MySQL Bugs: #115511: Inplace ALTER TABLE might fail with duplicate key error if concurrent insertions

Bug #115511	Inplace ALTER TABLE might fail with duplicate key error if concurrent insertions
Submitted:	4 Jul 2024 11:46	Modified:	16 Jan 16:57
Reporter:	Dmitry Lenev (OCA)	Email Updates:
Status:	Closed	Impact on me:	None
Category:	MySQL Server: InnoDB storage engine	Severity:	S3 (Non-critical)
Version:	8.0	OS:	Any
Assigned to:		CPU Architecture:	Any
Tags:	Contribution

Description:
ALTER TABLE with rebuilds InnoDB table using INPLACE algorithm occasionally might fail with unwarranted duplicate primary key error if there are concurrent insertions into the table, even though these insertions do not cause any PK conflict.

This issue is different from one described in bug #98600 "Optimize table fails with duplicate entry on UNIQUE KEY" as unlike in #98600 case concurrent INSERTs causing the problem use non-conflicting PK values and thus do not cause PK violations even temporarily!

Users have observed this problem in the wild and I can repeat it non-deterministically by running concurrent workload involving INSERTions and ALTER TABLEs.

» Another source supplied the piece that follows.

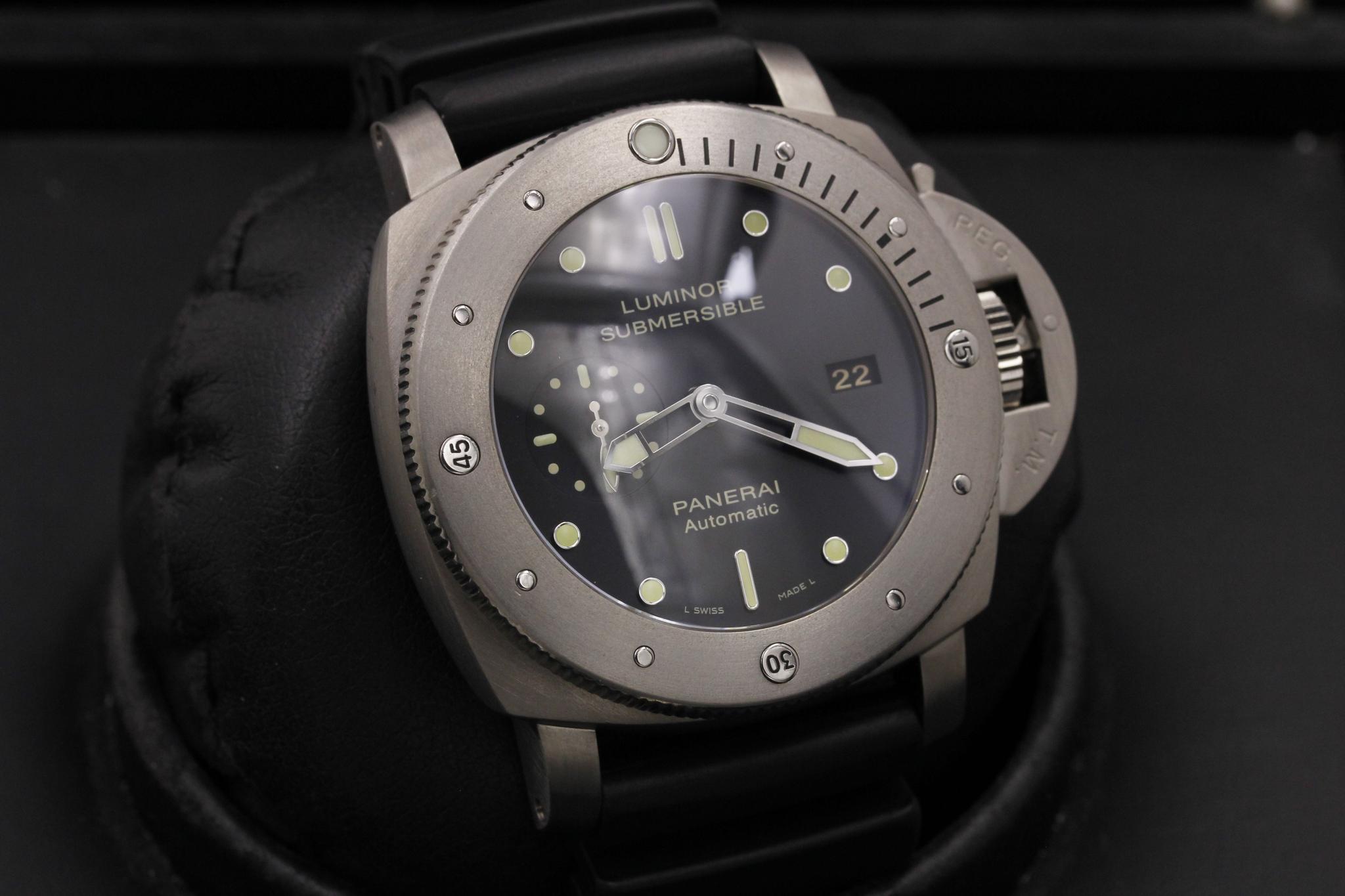 Watch Image 10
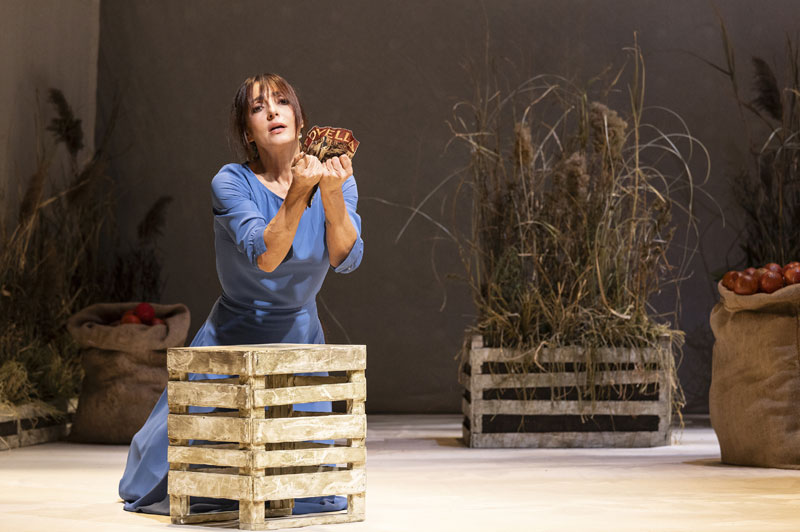 Ambra Angiolini in Oliva Denaro. (© Laila Pozzo) Teatro Franco Parenti Milano Stagione 2024/2025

However, it is much easier to reproduce and analyze it using deterministic test case involving DEBUG and DEBUG_SYNC facilities, so I will provide this test case instead non-deterministic / highly concurrent one.

How to repeat:
Introduce a new debug sync point by applying the following patch (based on MySQL 8.0.38) and building debug version of server:

diff --git a/storage/innobase/ddl/ddl0par-scan.cc b/storage/innobase/ddl/ddl0par-scan.cc
index f7f948a0f74..f334a7d2f5c 100644
--- a/storage/innobase/ddl/ddl0par-scan.cc
+++ b/storage/innobase/ddl/ddl0par-scan.cc
@@ -237,6 +237,7 @@ dberr_t Parallel_cursor::scan(Builders &builders) noexcept {
             thread_ctx->get_state() != Parallel_reader::State::THREAD) {
           thread_ctx->savepoint();
           latches_released = true;
+          DEBUG_SYNC_C("ddl_bulk_inserter_latches_released");
         }
         return DB_SUCCESS;
       });

Run the following test for MTR framework against the newly built debug server:

CREATE TABLE t1 (pk CHAR(5) PRIMARY KEY);
INSERT INTO t1 VALUES ('aaaaa'), ('bbbbb'), ('ccccc'), ('ddddd'), ('eeeee');

--connect (con1, localhost, root,,)
# We use the following debug flag to simulate overflow of key buffer in InnoDB
# online ALTER TABLE implementation.
SET DEBUG='+d,ddl_buf_add_two';
SET DEBUG_SYNC='ddl_bulk_inserter_latches_released SIGNAL latches_released WAIT_FOR go';
--send ALTER TABLE t1 ENGINE=InnoDB, ALGORITHM=INPLACE

--connection default
SET DEBUG_SYNC='now WAIT_FOR latches_released';
INSERT INTO t1 VALUES ('ccaaa');
SET DEBUG_SYNC='now SIGNAL go';

--connection con1
# Instead of succeeding ALTER TABLE fails with
# "ERROR 1062 (23000): Duplicate entry 'ccccc' for key 't1.PRIMARY'' error
--reap

SET DEBUG='-d,ddl_buf_add_two';

--connection default
DROP TABLE t1;

Suggested fix:
It seems that the problem was introduced by WL#14283 - Parallel create index implementation in 8.0.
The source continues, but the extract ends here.